These are all excellent recs.
Literary Buffistas 3: Don't Parse the Blurb, Dear.
There's more to life than watching Buffy the Vampire Slayer! No. Really, there is! Honestly! Here's a place for Buffistas to come and discuss what it is they're reading, their favorite authors and poets. "Geez. Crack a book sometime."
Thanks for all of these!
Jesse, if you haven't picked up Ann Leckie's "Imperial Radch" series, I highly recommend it. My current tagline - "In the end it's only ever been one step, and then the next" - is from the final book in the series.
Nicola Griffith's Ammonite, N.K. Jemisin's "Broken Earth" and "Inheritance" trilogies, Le Guin's The Telling, Sue Burke's Semiosis (haven't read Interference yet), Kate Elliott's Unconquerable Sun . . . .
Jesse, have you read anything by Becky Chambers? She's become one of my favorite recent SF writers. A Closed and Common Orbit is probably the closest fit for this challenge, and is also my favorite of her books so far (though I haven't read her latest yet). It's a sequel of sorts to her first book, but you don't need to have read the first one to understand or enjoy the story, though it does spoil a fairly big plot point from the first book.
hippocampus, some of my recent faves are Circe by Madeline Miller, Bellweather Rhapsody by Kate Racculia, and Such a Fun Age by Kiley Reid.
I have not read any of these books!
The Pull of the Stars by Emma Donoghue was wonderful. It is not, however, a happy, light romp.
I, personally, love The Goblin Emperor, but I've also become *obsessed* with Victoria Goddard's The Hands of the Emperor. It's just. So. Gah. The plot is there, but it's really about personal journies and friendships and finding a place for yourself. I also just read N.K. Jemisin's The City We Became, which is fabulous.

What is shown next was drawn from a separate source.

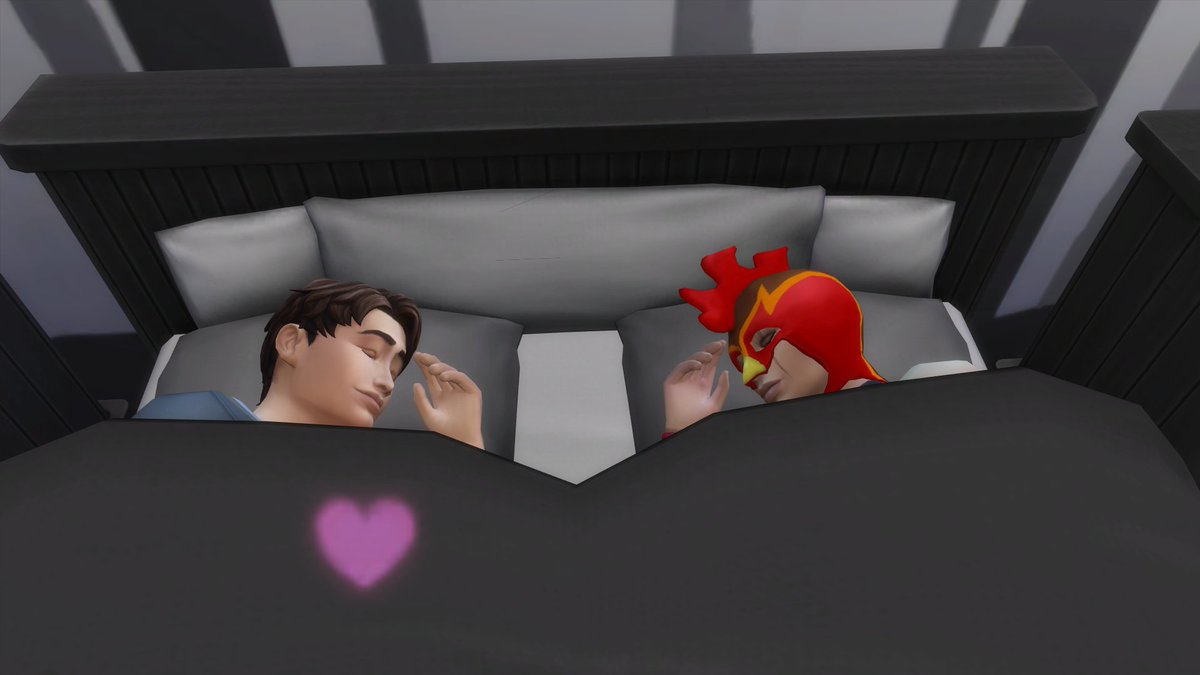 EuphoriaCaramel's tweet photo. Love is love, and this is...um...well, whatever it's fine. #TheSims4 #TheSims #FireRooster https://t.co/ipHdwEEawA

If you’re looking for something soothing, I devoured MCA Hogarth’s books (but don’t super recommend the princes one which is super disturbing, but all the others are awesome warm hugs)
KateP, I love Circe so much. Checking out Bellweather Rhapsody.
Agreed with all Jemesin recs, always.
And Juliannna, if that book connects in your mind with TGE, that’s a great rec!
In unrelated news, Esquire has a story on Why Men Are Reading Romance Novels. Reminds me of years ago, I was reading a book in which a man picks up the romance novel a woman is reading, leafs through it and is AMAZED at what's in it (sex scenes ... explicit sex scenes).